If you’re a parent seeking easy camping meals, you’re likely reading this with equal parts suspicion and hope because, as we all know, kids are weird animals. There are few, if any universal paths to feeding kids reliably on the road, in the backcountry or even at home.
Of course, finding foods your kids like is only half the battle when you’re away from home. There are some other key criteria to be considered on an adventure, like how much water the meal takes, how much fuel it consumes, how big of a hassle dishes are afterward and how well the ingredients keep and carry in your cooler or backpack.
With all of that in mind, here are a few meal ideas that my family has actually enjoyed, along with a couple from other parents for some valuable perspective. These all get high marks with the kids and hit most of the other criteria above. I’ve listed them from easiest and most backpack-friendly to camp meals suited to full-on road trip decadence.
The “Ramen Bomb”
I realize this is not exactly a revelation, but most of us have done some hard mental work to forget about these little bags of calories and sodium since we consumed them like oxygen in our early 20s. In fact, on a recent backpack to the Wind River Range, we were racking our brains for one more meal and only remembered ramen after hours of thinking.

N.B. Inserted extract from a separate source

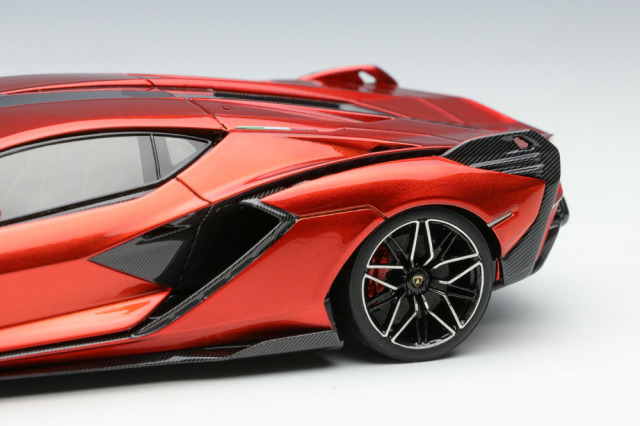ミニカー　1/43 Lamborghini Sian FKP 37 2019(アランシオブルチャート) [EM533C] アイドロン EM533SC ランボルギーニ シアン FKP 37 2019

Fortunately, there have been some real upgrades in quality and variety for this old backpacking standard. My personal favorite is the Thai Kitchen Rice Noodles, which get high marks in all of the above criteria and are a huge hit with our kids. They’re also gluten-free and many are vegan. Adults will want 2-3 packs to make a meal, while kids can get away with one or two. Carnivores can add a little jerky or tuna/chicken packets toward the end of the boil for some added heft, and they can be used as a base for other meals too.
Wild Mushroom and Herb Couscous with Chicken
Couscous is another long-standing favorite of backpackers that also happens to be a hit with our kids. Near East does the vast majority of the work for you by offering a number of flavored varieties right off the shelf, available at most major grocery chains in the U.S. You’ll need to have a bit of olive oil or butter on hand for the best results, but they are otherwise a dream on water and fuel consumption for backcountry trips.
Simply boil water, toss in the couscous and seasoning and let it sit, off the stove, for about five minutes. Our favorite is the Wild Mushroom and Herb flavor. On a backpack, we’ll typically add some foil-packed chicken or, for the frontcountry, some pre-cooked chicken from home. Either way, the added protein bumps it to a real-meal status.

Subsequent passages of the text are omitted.